November is Diabetes Month, but I’m not celebrating. Instead, I am rallying against the diabetes epidemic. Almost 600,000 adults in Arizona live with diabetes, 95 percent of which are type 2. Diabetes is the seventh-leading cause of premature death in Arizona and radically contributes to early disability.
Nearly 2 million Arizonians have prediabetes but don’t know it. Prediabetes is a serious health condition where blood sugar levels are higher than recommended but not yet high enough to be diagnosed as type 2 diabetes. You can take a short risk test online to determine if you may have prediabetes. Visit doihaveprediabetes.org.
If you are at risk, request an A1C test in addition to the standard fasting glucose test when you visit your healthcare provider.
Chronic inflammation—resulting from poor diet, inactivity, excess body fat, insufficient sleep and unrelenting stress—is the root cause of diabetes and prediabetes. Having a family history of diabetes also increases the risk. You can reverse prediabetes before it becomes type 2 diabetes, and the following steps can get you on your way.
Dietary Steps
Examine Your Overall Diet. People who eat more ultra-processed foods (UPF) are at increased risk of developing type 2 diabetes, so, begin by reducing your intake of products that contain ingredients you wouldn’t cook with at home, such as additives and novel fats, carbs and protein.
Replace UPF with nutrient-rich plants, including vegetables, whole fruit, beans, whole grains, nuts and seeds. At each meal, fill half your plate with non-starchy vegetables because they contain abundant antioxidants that neutralize inflammatory oxygen molecules.
Get off the Blood Sugar Roller Coaster. Eating easy-to-digest carbohydrates (like added sugar, flour, refined grains and fruit juices) can cause blood sugar to peak quickly and fall rapidly. When this occurs regularly, inflammation is increased.
High-fiber foods like lentils and beans slow carbohydrate absorption. Seeds are not only rich in fat but also an excellent source of fiber. Choose whole grains such as brown rice or barley over white rice. Choose a whole-grain cereal like oatmeal rather than a reshaped grain like Cheerios.
Keep Your Gut Bacteria Happy. Fiber feeds the fatty acid-producing gut bacteria, which helps improve glucose levels. Also, in a recent study, people following the notably high-fiber DASH diet who also consumed probiotics (considered “good” bacteria) had a decrease in several measures of blood sugar levels over three months. The five best probiotic foods for most people: plain yogurt, kefir, kimchi, naturally fermented sauerkraut and tempeh.

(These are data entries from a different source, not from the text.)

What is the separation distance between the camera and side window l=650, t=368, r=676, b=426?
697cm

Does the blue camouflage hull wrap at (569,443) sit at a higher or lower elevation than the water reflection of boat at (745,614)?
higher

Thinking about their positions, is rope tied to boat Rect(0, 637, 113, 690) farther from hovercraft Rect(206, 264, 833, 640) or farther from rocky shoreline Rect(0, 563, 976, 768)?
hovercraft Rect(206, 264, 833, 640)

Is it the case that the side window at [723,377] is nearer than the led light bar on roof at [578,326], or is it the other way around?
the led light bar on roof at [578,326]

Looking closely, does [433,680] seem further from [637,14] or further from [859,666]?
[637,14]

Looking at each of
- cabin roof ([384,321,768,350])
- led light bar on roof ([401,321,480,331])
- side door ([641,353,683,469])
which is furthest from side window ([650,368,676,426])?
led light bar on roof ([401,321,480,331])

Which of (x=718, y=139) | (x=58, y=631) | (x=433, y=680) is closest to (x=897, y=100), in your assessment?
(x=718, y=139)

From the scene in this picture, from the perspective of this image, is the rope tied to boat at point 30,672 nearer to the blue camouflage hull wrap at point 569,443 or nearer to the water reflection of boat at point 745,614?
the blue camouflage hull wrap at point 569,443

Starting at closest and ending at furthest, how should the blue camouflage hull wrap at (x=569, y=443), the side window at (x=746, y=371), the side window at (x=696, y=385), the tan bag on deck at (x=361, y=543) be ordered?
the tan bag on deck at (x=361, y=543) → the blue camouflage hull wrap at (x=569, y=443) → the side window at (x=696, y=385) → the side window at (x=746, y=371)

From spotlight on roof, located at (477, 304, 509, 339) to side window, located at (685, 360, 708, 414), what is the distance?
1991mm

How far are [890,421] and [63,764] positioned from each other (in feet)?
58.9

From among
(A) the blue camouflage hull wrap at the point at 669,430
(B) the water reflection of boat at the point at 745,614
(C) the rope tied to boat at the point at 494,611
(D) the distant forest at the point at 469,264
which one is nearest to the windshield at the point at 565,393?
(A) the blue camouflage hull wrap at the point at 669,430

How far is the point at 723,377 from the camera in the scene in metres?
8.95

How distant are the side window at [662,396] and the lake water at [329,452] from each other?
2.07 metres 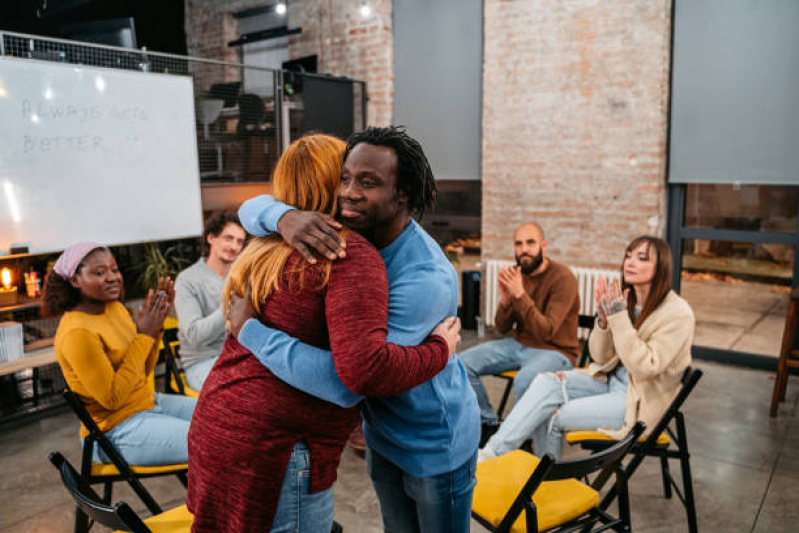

Watch Out for Nutrient Shortfalls. Magnesium and chromium influence blood sugar. Magnesium can make cells more sensitive to insulin, so eat magnesium-rich foods (spinach, pumpkin seeds, almonds, beans, avocado, figs and yogurt) as part of your plant-slanted diet, then talk to your dietitian about whether a supplement may be right for you. Inadequate chromium intake has been linked to the development of glucose intolerance. Obtain more chromium naturally by including apples, basil, broccoli, garlic, grapes, green beans and oranges.
Lifestyle Steps
Exercise—Being sedentary is associated with insulin resistance, but you don’t have to run a marathon. A 10-minute walk after each meal can have positive effects on blood sugar.
Muscle Mass — Besides keeping you fit and strong, weightlifting helps control blood sugar. Researchers evaluated data from 13,644 subjects regarding the correlation between strength training and prediabetes. They found that with every 10 percent increase in muscle mass, there was an 11 percent reduction in insulin resistance and a 12 percent drop in prediabetes.
Sleep—Untreated sleep problems can contribute to insulin resistance and type 2 diabetes. One sleep problem that often goes undiagnosed is sleep apnea, a disorder in which a person’s breathing is interrupted at night. People with sleep problems should talk with their healthcare provider.
Neutralize Stress — Stress triggers the production of life-saving hormones, but chronic inflammation increases when those hormones are not balanced. Daily meditation is a habit that helps rebalance hormones. You can download apps to your smartphone or look for resources provided through your health insurer.